*YOUR ASSIGNMENT:* Would you transcribe the lines running from the one that holds "EE. UU. arresta" to the last line of the records? Leave every picture out.

*EXERCISE DATA:*
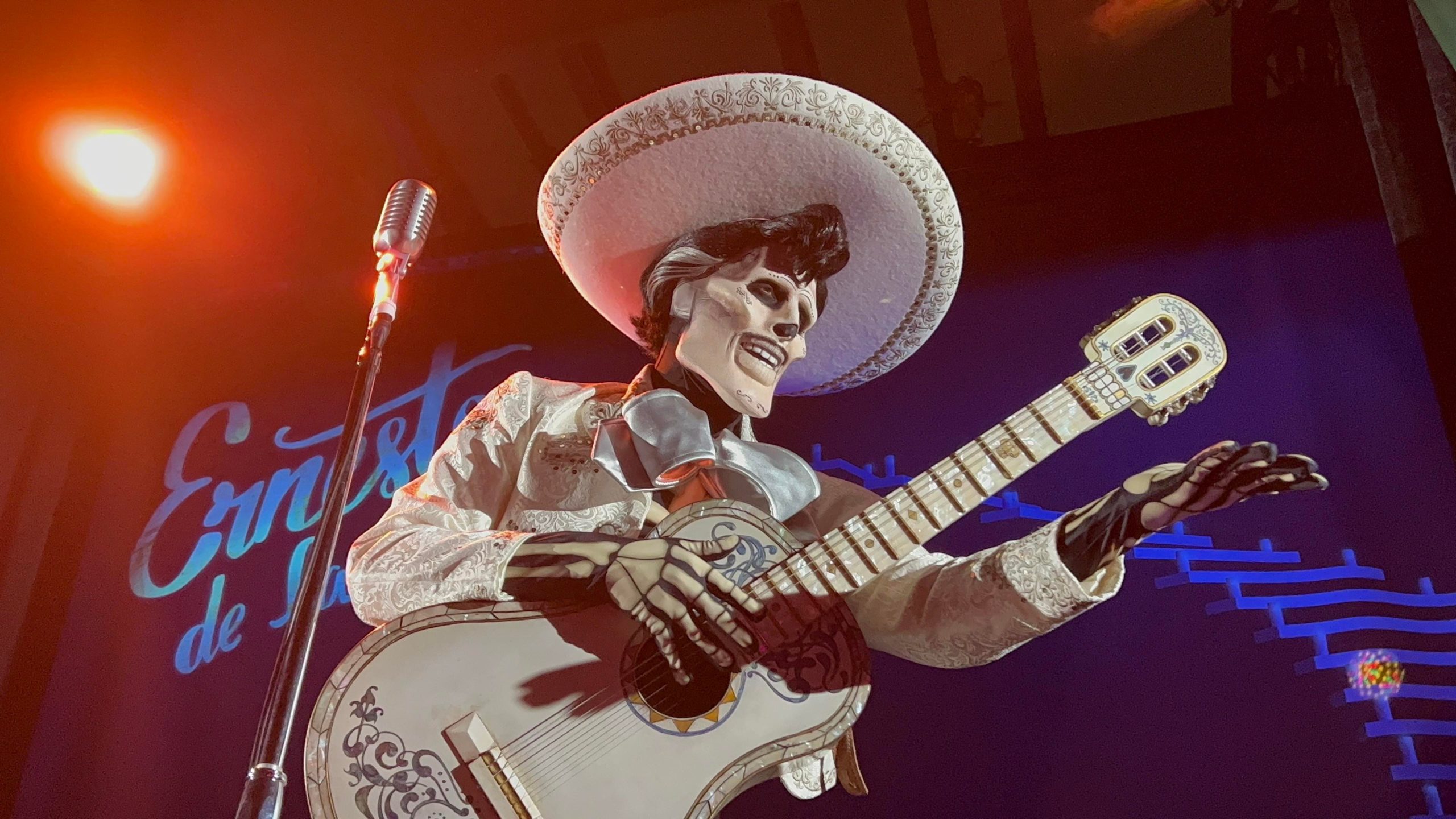 Ernesto de la Cruz Serenades Oogie Boogie Crowd - MickeyBlog.com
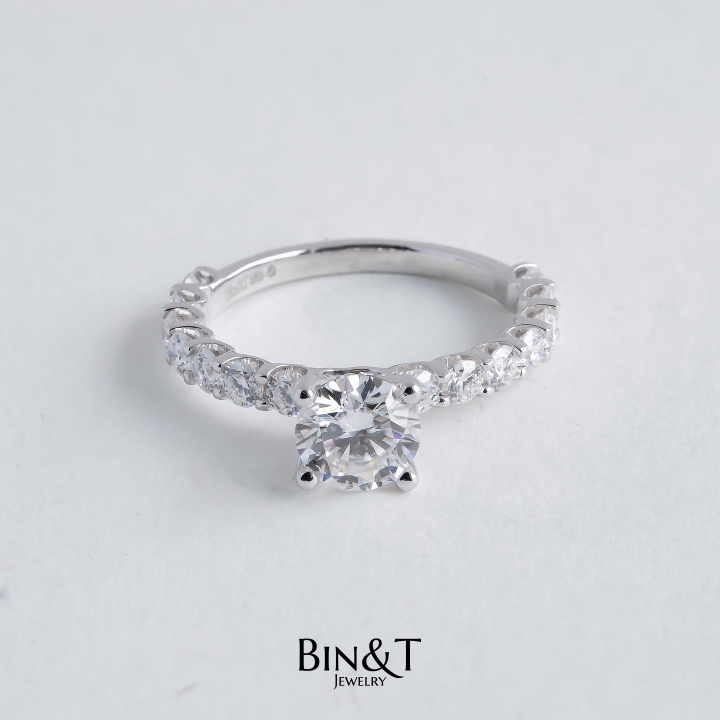 U-PRONG ROUND PAVE RING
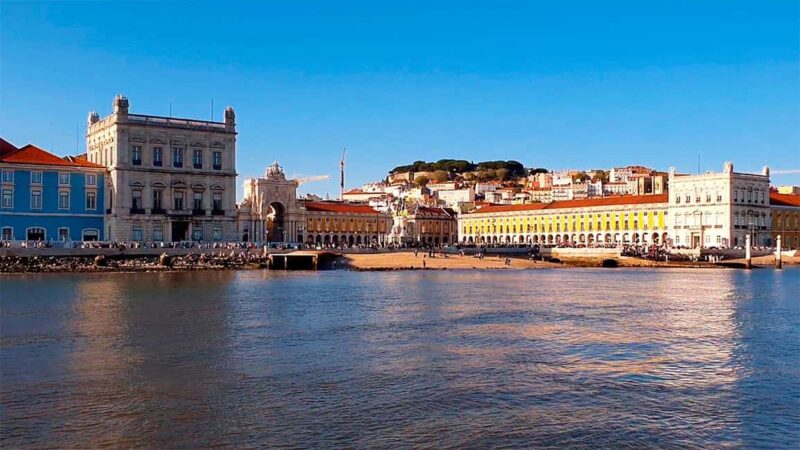 Lisbon: Sunset Boat Tour with live Fado Concert - Logistics and Group Size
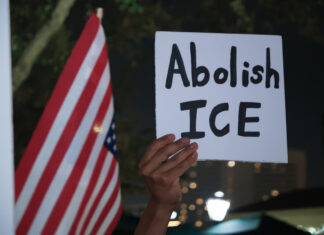 EE. UU. arresta a 25 personas más por una protesta contra el ICE en iglesia en Minnesota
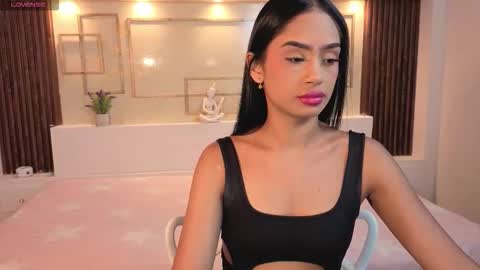 Chloe Moon online show from 11.18.25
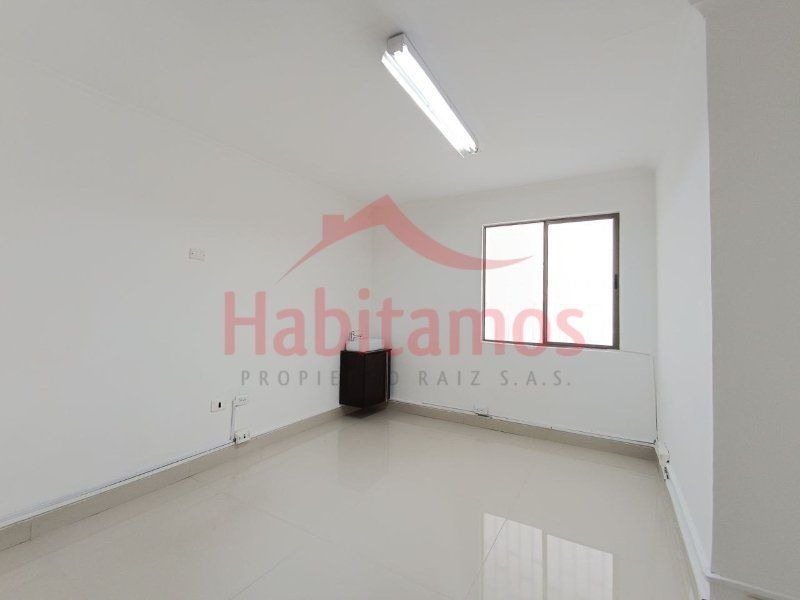 Oficina en arriendo Antioquia Medellín San Bernardo 12 m2 Habitaciones 0 Baños 0 Garajes 0 Precio $800000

*SOLUTION TO THIS PROBLEM:*
 EE. UU. arresta a 25 personas más por una protesta contra el ICE en iglesia en Minnesota
 Chloe Moon online show from 11.18.25
 Oficina en arriendo Antioquia Medellín San Bernardo 12 m2 Habitaciones 0 Baños 0 Garajes 0 Precio $800000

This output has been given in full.